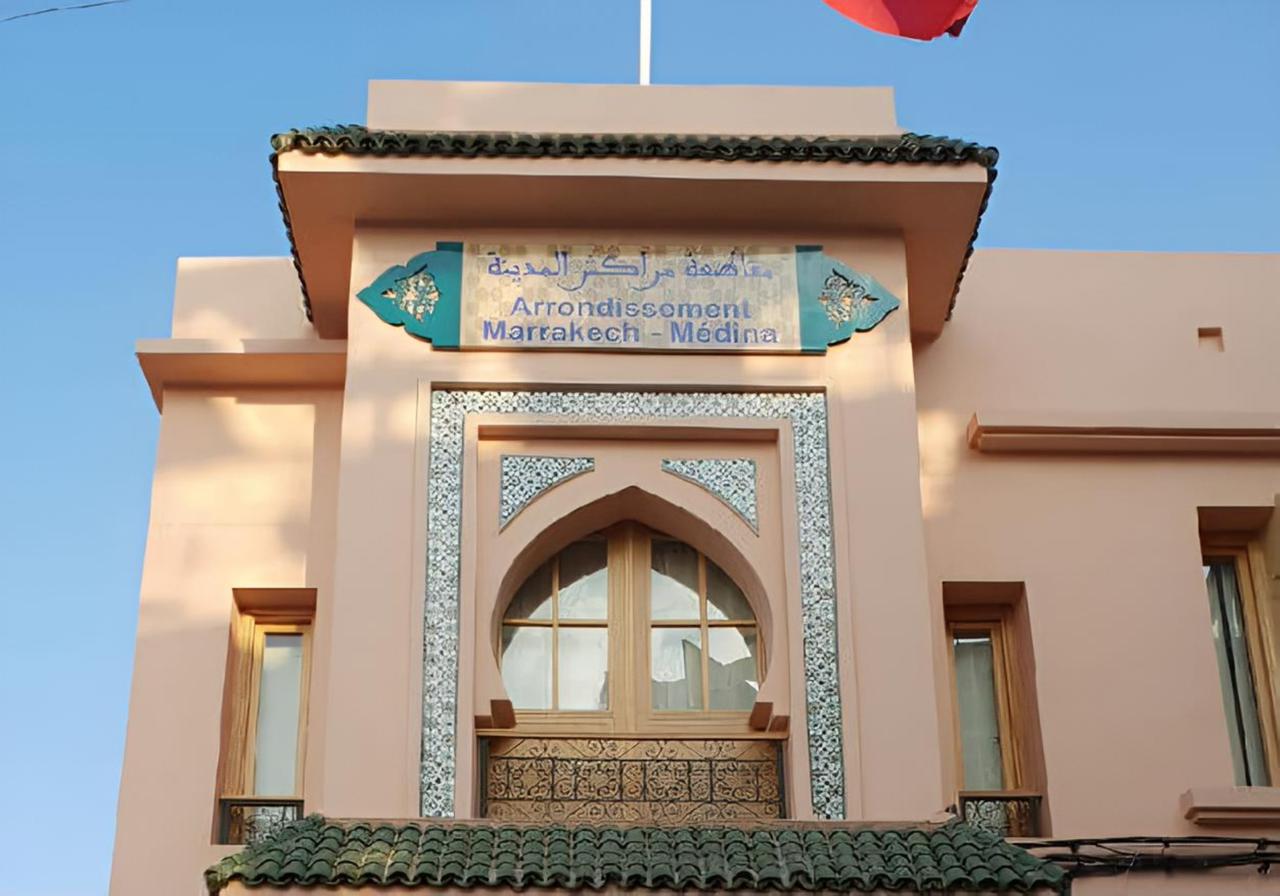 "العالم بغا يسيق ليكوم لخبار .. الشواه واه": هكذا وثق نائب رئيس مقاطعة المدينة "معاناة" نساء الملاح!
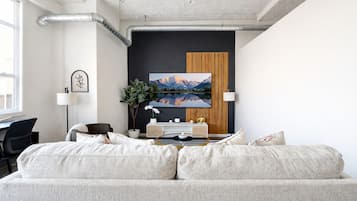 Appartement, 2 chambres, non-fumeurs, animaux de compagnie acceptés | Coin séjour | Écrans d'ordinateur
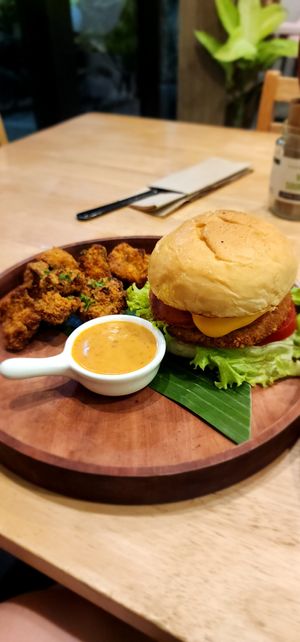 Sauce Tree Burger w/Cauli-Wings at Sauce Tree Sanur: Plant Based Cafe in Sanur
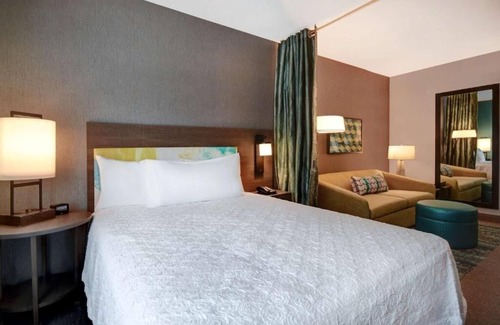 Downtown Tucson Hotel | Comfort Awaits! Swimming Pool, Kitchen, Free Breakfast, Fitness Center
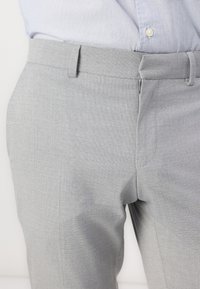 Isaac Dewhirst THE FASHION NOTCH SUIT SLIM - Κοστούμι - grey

--- --- ---

_ACTIVITY_:
Quote every line of the records above exactly; no picture is to be copied.

_ANSWER TO THIS TASK_:
 "العالم بغا يسيق ليكوم لخبار .. الشواه واه": هكذا وثق نائب رئيس مقاطعة المدينة "معاناة" نساء الملاح!
 Appartement, 2 chambres, non-fumeurs, animaux de compagnie acceptés | Coin séjour | Écrans d'ordinateur
 Sauce Tree Burger w/Cauli-Wings at Sauce Tree Sanur: Plant Based Cafe in Sanur
 Downtown Tucson Hotel | Comfort Awaits! Swimming Pool, Kitchen, Free Breakfast, Fitness Center
 Isaac Dewhirst THE FASHION NOTCH SUIT SLIM - Κοστούμι - grey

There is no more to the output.